Please don’t misunderstand what I am saying. I am not advocating sending your five year old to SWAT School, What I am saying is whether or not you keep firearms in your home, your entire family should be trained in firearms safety. In my opinion, your family should be trained at a minimum of two areas. The first is how firearms operate, how to handle firearms safely and what to do should you come across one. The second area is especially important for persons who carry a concealed firearm. Your family needs a plan on what to do should you get into a situation where you draw your weapon to engage a threat. Let’s look at issue each further.
“Child find hidden guns and accidentally shoots friend”. We have all read headlines like this. The real tragedy of this is it is very preventable through education. When I speak with people about the concept of teaching kids about firearms, I often see a grimace on their face. The reality is that you cannot eliminate the chance your child will come into contact with a firearm. You can however teach them what to do in the event they come across one.
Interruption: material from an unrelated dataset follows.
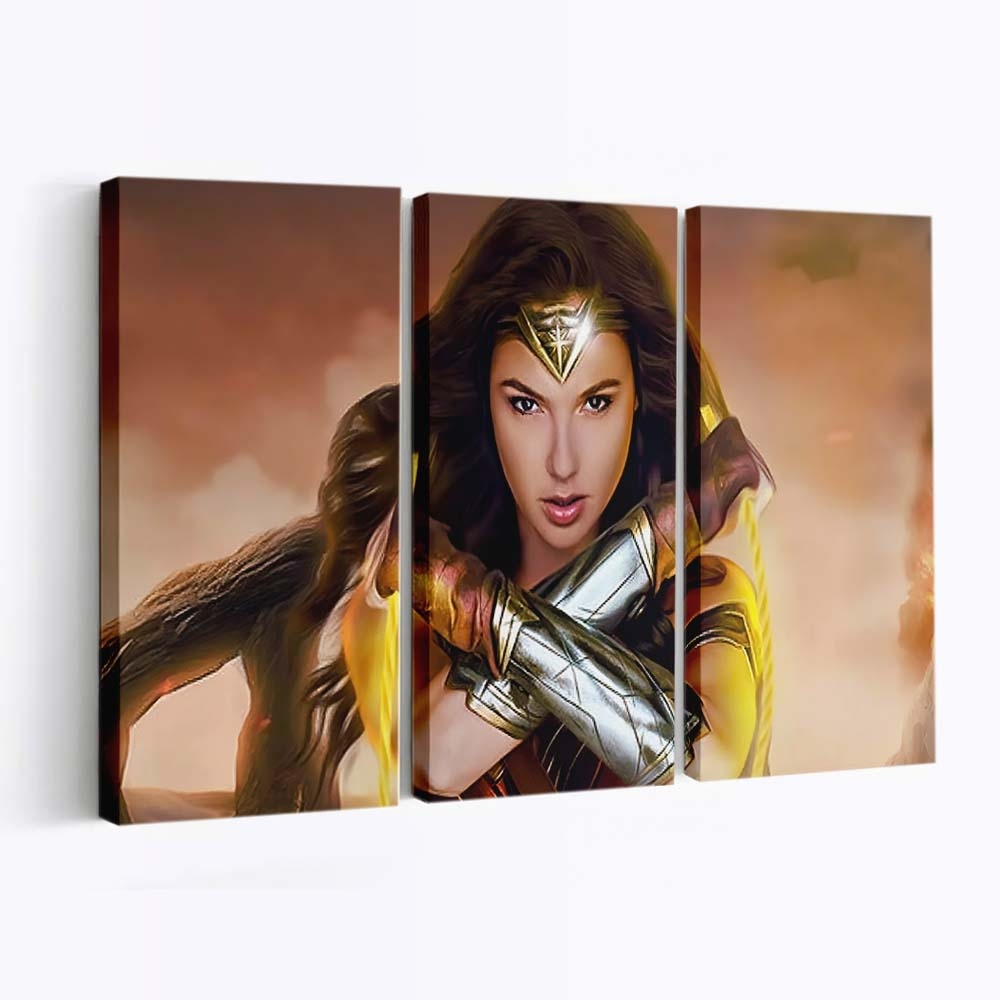 Wonder Woman Girl Leinwandbilder | Wanddeko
I want to share a story with you. When I was a child, I was out running around the neighborhood with a friend. The city was doing some heavy construction on the roadway and there were lots of cool equipment around with no adults watching it. There was a huge backhoe with an open cab sitting right there. What kid could resist that temptation? Without a second thought, I climbed into the operator’s seat and started looking at all of the controls. With no motivation other then curiosity, I pulled one of the levers and the bucket came slamming down to the ground. Scared didn’t cover how I felt. I jumped out of that backhoe and ran so fast my sneakers nearly came off. That situation ended fine. There was no damage to person or property, but there very easily could have been. When I look back, I wonder why I pulled that lever. The truth is I wanted to know what it would do. The same very situation is what gets kids hurt and killed every year. If I had known that the machine’s massive arm would move so fast and hit the ground, I would not have touched it.
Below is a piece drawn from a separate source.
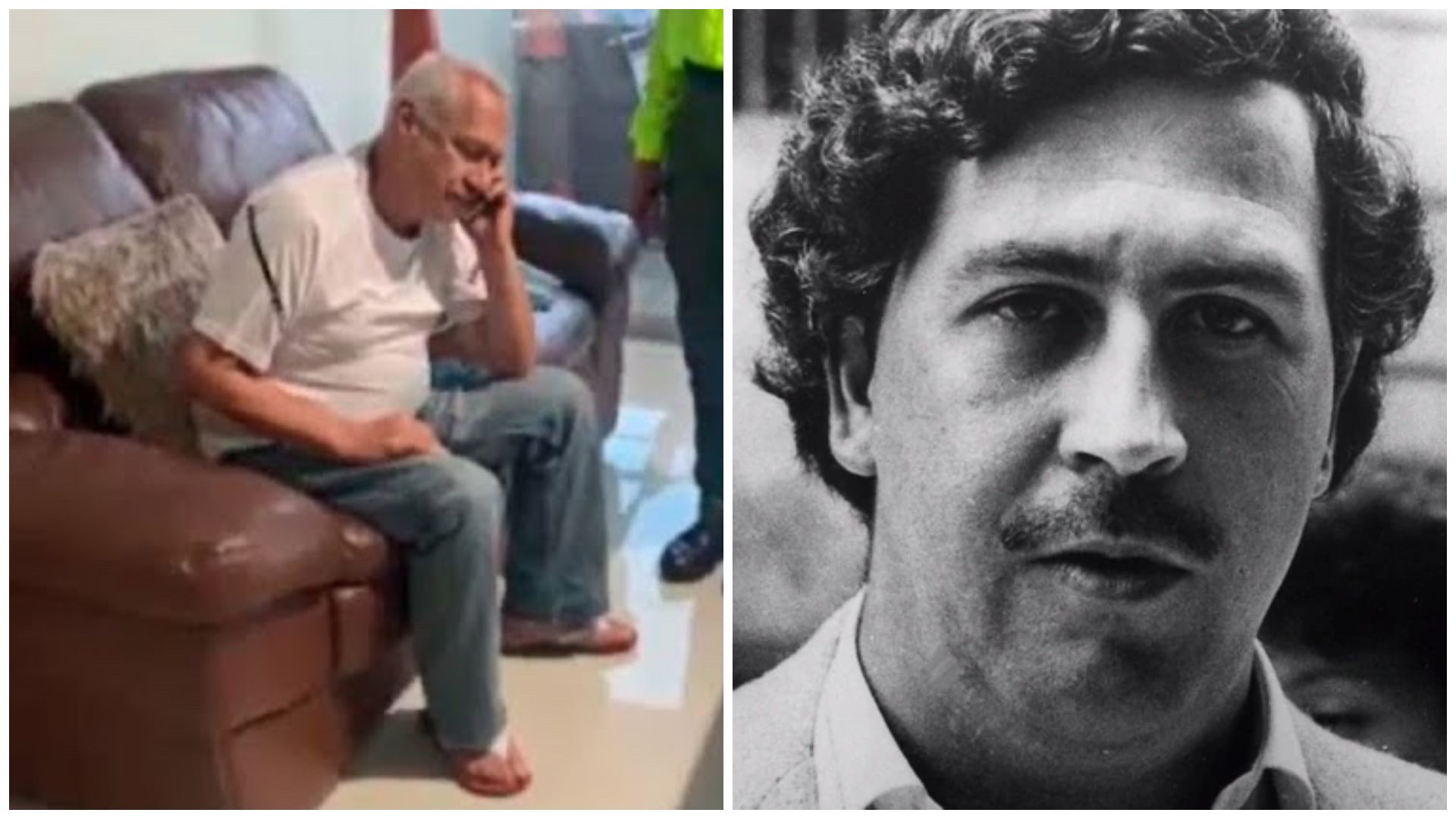 El hombre detenido en noviembre pasado llegó a ser un hombre de confianza de Pablo Escobar (Foto: Especial)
Growing up, my father taught me about guns. I knew how they worked. I was able to field strip, clean and put them back together faster them most adults. He also taught me have dangerous they could be in the hands of someone careless or inexperienced. Had I come across a firearm as a kid, there would not be a mystery to solve, or desire to play with it. I would get away and call an adult. That was my father’s goal and it, in addition to storing firearms properly; it should be everyone’s. 50% of households in the United States have firearms in them, not all of those households are responsible gun owners. So teaching your children firearm safety takes care of two things, taking the “Curiosity That Killed The Cat” out of the equation and keeps them safe. You teach your children how to look both ways before crossing a street so a car doesn’t hit them, so then why not teach firearm safety?
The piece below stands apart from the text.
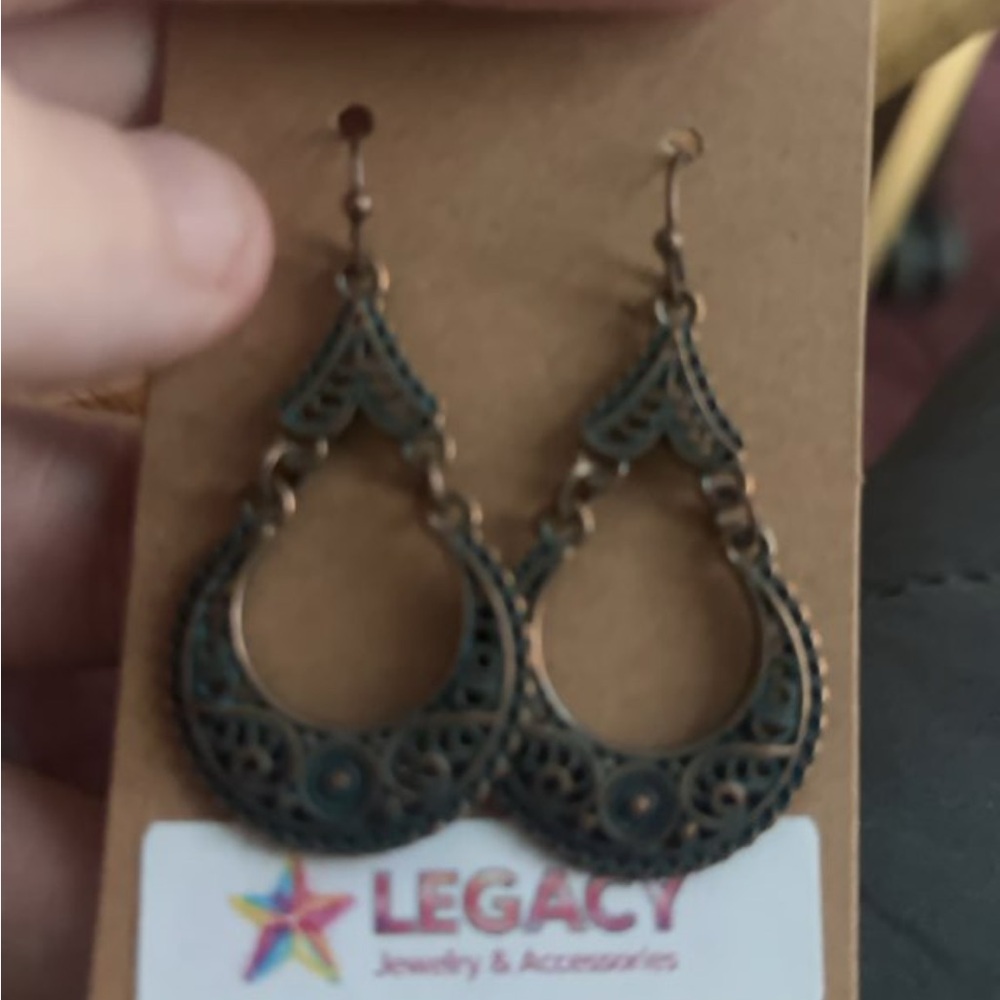 NWT Legacy Jewelry & Accessories Filigree‎ Earrings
We offer a free "Childrens Firearms Safety Course" a couple of times during the year. There are also many sources such as the NRA that have kids training programs available. You can also ask the Police Department of the twon you live in if they have a program for kids. You should take this course along with your kids because it is important to learn yourself so you can take this knowledge and reinforce it at home.
If you have questions, please contact me or another staff member. We will be glad to help provide you with more information.
Now let’s set the stage for the next, family concern. You are out an about with your family. You come across a situation that forces you to take action. There is no chance of avoiding it or running away. You draw your firearm and start engaging the threat as you were trained. In the meantime, your wife (or husband) and children are standing next to you in complete shock, frozen solid with fear.
Your family just reacted the same as anyone would without training. They did nothing. In this situation, nothing could get them killed. We should all take a look at our family situation, and our level of training. Then make a plan for a coordinated response to a threat. Share that plan with your family and practice it until it is reflexive. I would love to provide you with that plan, but everyone’s situation will call for different action.
As you are training with our instructors feel free to engage them with this question. Dynamics such as physical or mental disabilities of yourself or family members, age of family members and level of training and equipment will all help you form a solid plan. For instance, I know all of my students always carry a light. But do your other family members? How are they going to run away or navigate a dark unknown area if you get separated? Where would you meet? If your family calls 911, do they know to tell them you are armed and provide your clothing description to avoid friendly fire by responding police?
I strongly believe these concepts are important to the overall safety of your family. I encourage all of you to take on the responsibility to ensure they are ready. As always, Applied Protection Concepts and Bridgeport shooting Range is here to help.